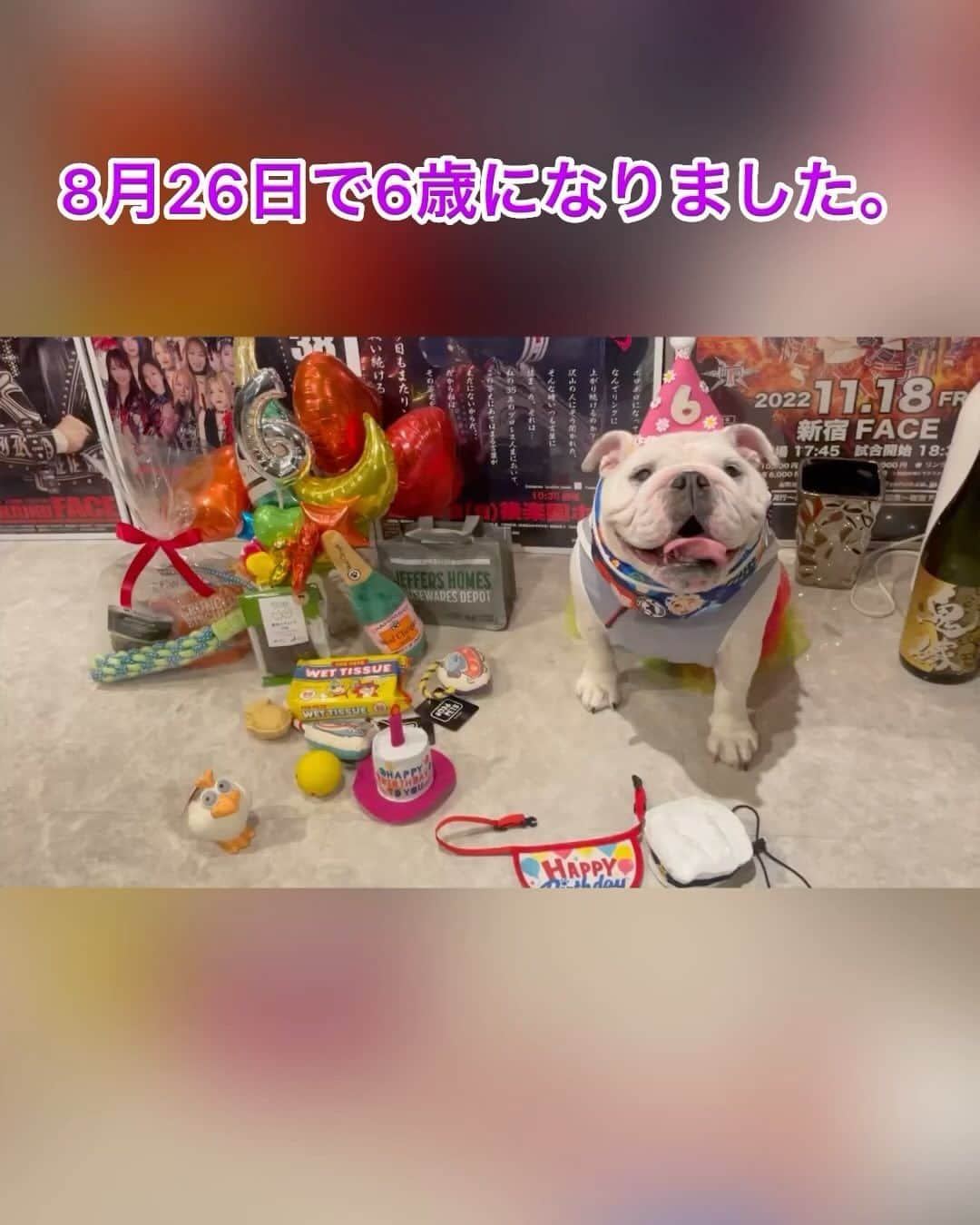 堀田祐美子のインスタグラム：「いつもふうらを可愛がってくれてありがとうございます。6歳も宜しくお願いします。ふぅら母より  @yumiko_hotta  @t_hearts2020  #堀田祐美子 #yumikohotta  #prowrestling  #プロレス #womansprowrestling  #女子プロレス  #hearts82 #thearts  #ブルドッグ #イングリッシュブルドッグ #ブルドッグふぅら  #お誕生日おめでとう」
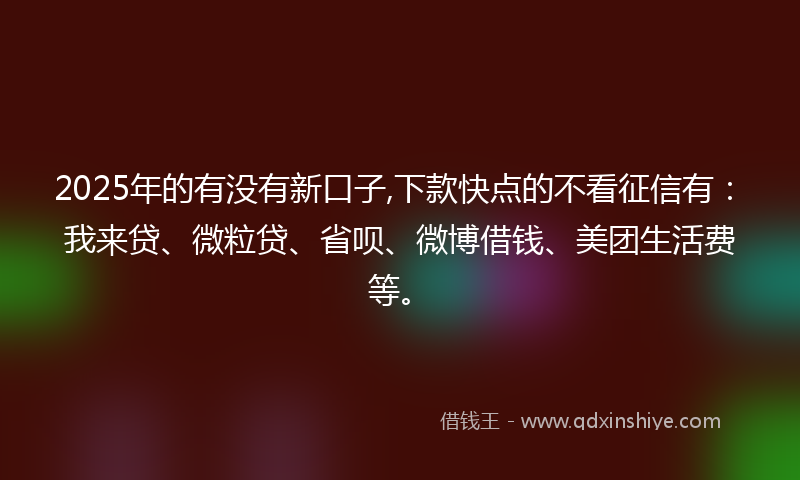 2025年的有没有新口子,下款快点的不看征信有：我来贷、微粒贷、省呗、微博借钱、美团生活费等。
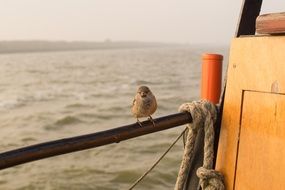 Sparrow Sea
____
Pictures are to be omitted; otherwise, write out the data exactly as it appears.

 堀田祐美子のインスタグラム：「いつもふうらを可愛がってくれてありがとうございます。6歳も宜しくお願いします。ふぅら母より  @yumiko_hotta  @t_hearts2020  #堀田祐美子 #yumikohotta  #prowrestling  #プロレス #womansprowrestling  #女子プロレス  #hearts82 #thearts  #ブルドッグ #イングリッシュブルドッグ #ブルドッグふぅら  #お誕生日おめでとう」
 2025年的有没有新口子,下款快点的不看征信有：我来贷、微粒贷、省呗、微博借钱、美团生活费等。
 Sparrow Sea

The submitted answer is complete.